-44章-
孤島で彼らは談笑中




 ファイマを旅の一行へと加え、エンたちのパーティはかなり賑やかになった。
 エン、ルイナ、エード、ミレド、ファイマ。
 この五人はウィードを出た後、東へと進む。気になる噂をファイマが聞いていたからだ。
 駅馬車で東へと進む中、道中魔物に襲われることもあったが、ファイマを加えた事はかなり戦力になっていた。

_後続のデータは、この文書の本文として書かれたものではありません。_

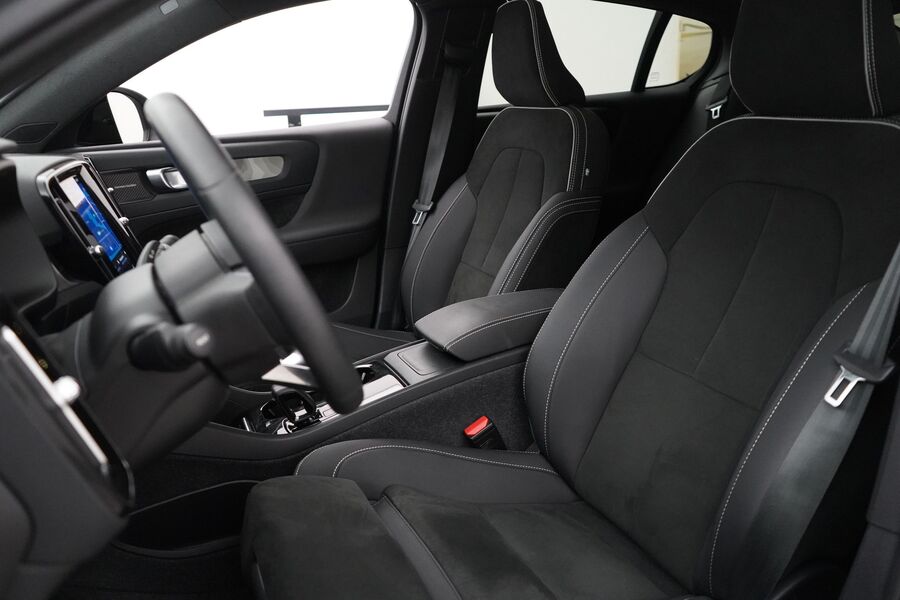 Volvo C40 vaihtoauto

 そして、ウィードを出て馬車に揺られること数日、エンたちは港町へと到着したのだった。
「ようこそコナンベリーへ……か」
 町の入り口に堂々と掲げられている看板を見上げてエンが呟く。森育ちの彼にとって、海というのは違和感があるのだ。質素な村と、賑わいの港町という点ですでに差がある。
「ところで、ここが『気になる噂』の出所なのか?」
 ファイマは頷き、ミレドはふと思い出したように言った。
「もしかして、賢者の島のことか」
「うむ、この町からは、その賢者の島という場所に渡れる船があるらしくてな」
 そう言うと、ファイマは迷わず港へと向かった。

 客誘いの声が飛び交い、珍しい商品にはふと目が行ってしまう。港町だけあって、他国からの輸入品が豊富なのだろう。

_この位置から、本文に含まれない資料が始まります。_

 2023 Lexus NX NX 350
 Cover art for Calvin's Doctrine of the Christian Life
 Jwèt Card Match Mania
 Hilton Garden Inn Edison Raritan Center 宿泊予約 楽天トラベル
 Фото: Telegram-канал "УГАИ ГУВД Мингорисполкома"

 だがファイマはそのような物には興味なしというように歩き続けた。
「で、噂ってなんだ?」
「賢者の島なんじゃがな、妙な噂が流れておる」
「妙な噂ですか?」
 エードが聞いて、ファイマではなくミレドが答えた。
「それなら俺様も知ってるぜ。『戻ってきた連中』と、『戻ってこなかった連中』のことだろ?」
「うむ、そうじゃ」
 素気なく答えて、足を止める。停船所に着いたのだ。ついでに、その噂の詳細を話し始めた。

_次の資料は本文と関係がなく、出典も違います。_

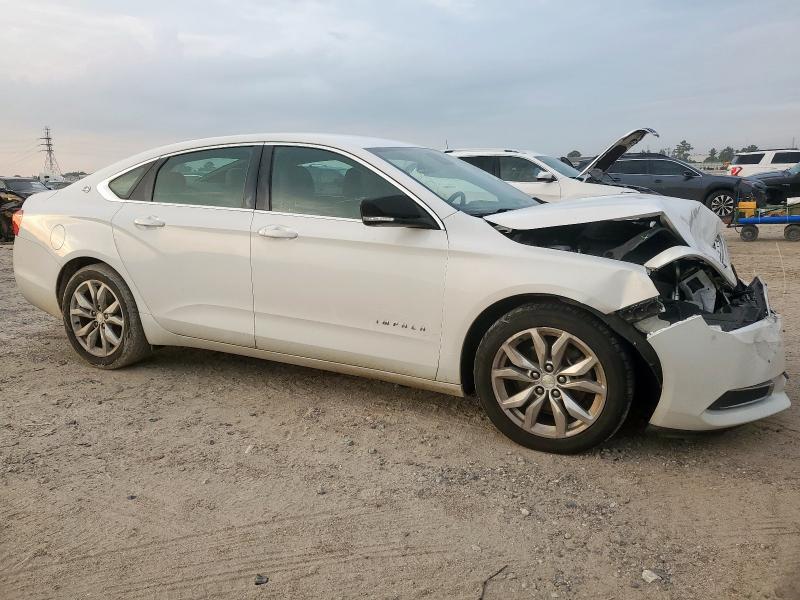 2017 CHEVROLET IMPALA LT - 2G1105S33H9165494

「『賢者の島』に渡りたがる者は多くおる。しかし、賢者の島に渡って、半分が無事生還し、半分は帰らぬ人となった。そして、賢者の島から帰ってきたものに、賢者に会えたかどうかを聞くと、会えたとは答えるのじゃが……詳細は一切話そうとせぬのじゃ」
 ふと気がつくと、ミレドとエードがいなかった。単に船の手続きをしに行っただけだが。
「もしかしたら、帰ってこぬ者達と関連があるかもしれぬし、賢者に会えたなら会えたで、なにか助言でも貰えるかもしれぬしな」
 ファイマの説明を聞いて、エンは納得するふりをした。ふりだけで、まだ分かっていないのだが、肝心なところは理解したつもりでいる。ルイナは解っている様子だ。そして、同じような説明をエードはミレドから聞き、納得していた。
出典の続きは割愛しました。